La dottoressa Yana Kazachkova, nel laboratorio di Aharoni, ha cercato di trovare una risposta con l’aiuto di un’insolita specie di pomodori selvatici i cui frutti rimangono amari anche dopo la maturazione. Il suo studio è stato pubblicato in Nature Plants.

Kazachkova, insieme ai colleghi, ha confrontato la composizione genetica dei pomodori amari con specie non amare e ha scoperto che non è un gene che codifica un enzima che influenza la conversione da amaro a dolce ma una proteina che trasporta le sostanze all’interno della cellula. I ricercatori l’hanno chiamato GORKY, che in russo significa “amaro”.

Parallelamente a una serie di esperimenti, la ricercatrice ha utilizzato la tecnologia CRISPR per disattivare questo gene in alcune piante o per causarne la sovraespressione in altre e ha analizzato il metabolismo delle piante mutanti utilizzando apparecchiature di spettrometria di massa specializzate. La scoperta è stata che il gene responsabile del gusto amaro non è coinvolto nell’effettivo processo di conversione biochimica. I pomodori verdi producono alfa-tomatina in grandi quantità, principalmente nella loro buccia, e mantengono questa sostanza tossica all’interno di compartimenti chiusi noti come vacuoli, che gli impediscono di danneggiare la pianta stessa. Quando il pomodoro matura, GORKY trasporta l’alfa-tomatina all’esterno dei vacuoli, consentendone la conversione in metaboliti non tossici in una serie di cinque reazioni biochimiche e rendendo così appetibile il pomodoro.

Queste scoperte spiegano come le piante di pomodoro si proteggono dai loro stessi composti tossici e possono essere utili: per migliorare il breeding dei pomodori stessi ma anche per investigare se lo stesso meccanismo è attivo anche in altre piante.

Il dilemma del pomodoro

I pomodori hanno sempre dovuto affrontare una sfida nel corso dell’evoluzione: trovare un equilibrio tra aspetto attraente e resistenza ai funghi e ad altri agenti patogeni. Da un lato, se il frutto rimane brillante, lucido e integro aiuta la pianta a propagarsi perché questo suo aspetto attira animali e uccelli che lo mangiano e poi ne disperdono i semi nei loro escrementi. D’altra parte, quando i pomodori vengono scomposti dai funghi alla fine della loro vita, è la capacità di essere scomposti, piuttosto che l’integrità, che consente alle piante di diffondere i loro semi.

Nei loro studi, i ricercatori del Weizmann Institute hanno scoperto diversi elementi cruciali pezzi di questo puzzle.

Jędrzej Szymański nel laboratorio di Aharoni, insieme ai colleghi, è riuscito a identificare due nuovi geni coinvolti nella sintesi dei glicoalcaloidi, una classe di sostanze che svolgono un ruolo fondamentale nella maturazione dei pomodori e nel relativo cambiamento metabolico e hanno provato a individuare geni e metaboliti che potrebbero aumentare la resistenza alla Botrytis cinerea, uno dei funghi più comuni che attaccano i pomodori.

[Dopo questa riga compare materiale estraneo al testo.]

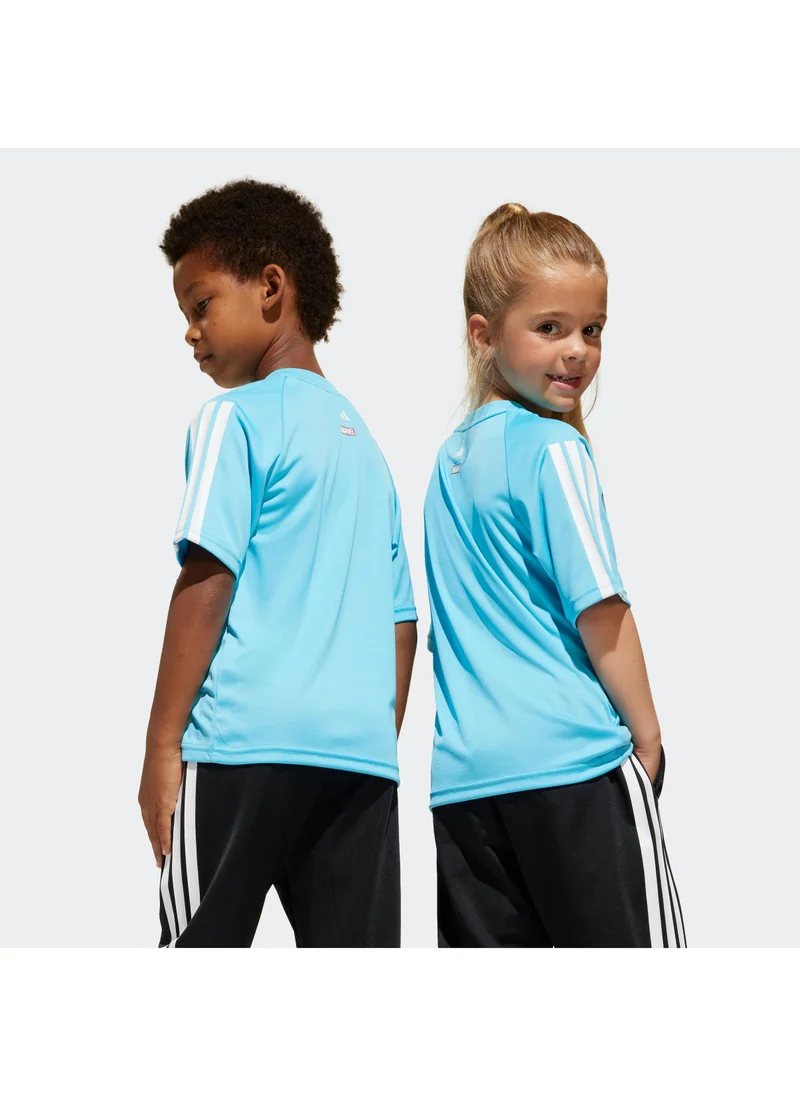 Adidas marvel spider-man unisex t-shirt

Dopo aver eseguito un’analisi genomica e metabolica delle 600 linee di pomodoro, hanno correlato questa analisi con la diffusione del fungo. Per questo, hanno inserito il fungo in piccole incisioni su pomodori appartenenti alle 600 linee, esaminando in totale più di 25.000 di tali infezioni. Questi studi hanno permesso di rivelare una rete di sei metaboliti responsabili della resistenza della pianta al fungo. Uno di questi metaboliti, la vitamina B5, noto anche come acido pantotenico, si è dimostrato efficace anche da solo nel ridurre la sensibilità al fungo. Gli scienziati hanno anche identificato i geni candidati associati alla resistenza al fungo: quando tre di questi geni sono stati messi a tacere, la sensibilità dei pomodori all’infezione è aumentata.

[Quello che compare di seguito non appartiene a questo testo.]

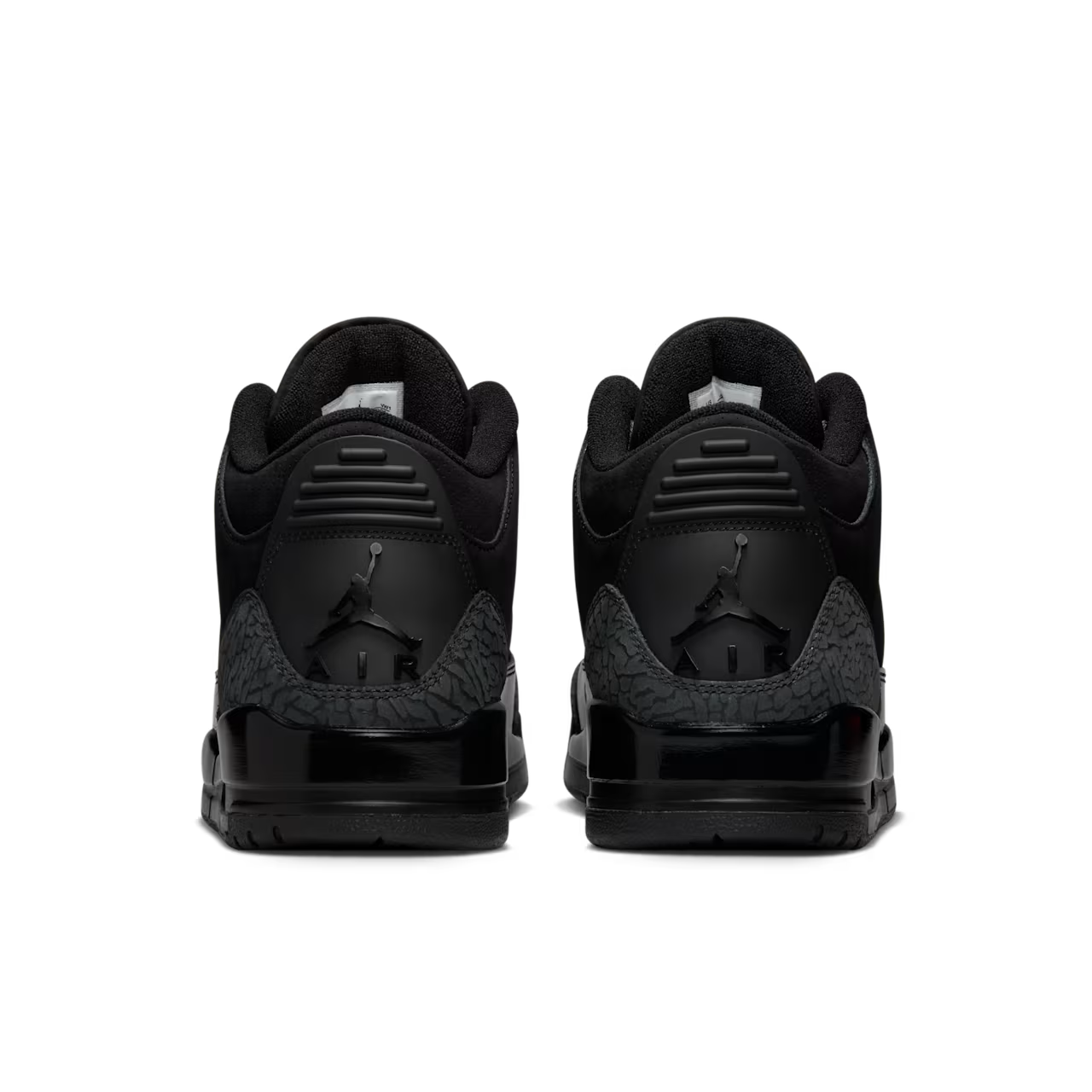 Air Jordan 3 Retro "Black Cat" 2025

Anche questa ricerca può dare un importante contributo per creare varietà più resistenti, ma anche per sviluppare nuovi fungicidi. Ha anche dimostrato che l’attività dei geni di resistenza diminuisce man mano che il pomodoro matura, suggerendo che la pianta possiede meccanismi attentamente orchestrati per conciliare le sue esigenze contrastanti.

L’immagine è dell’Istituto di Scienze israeliano.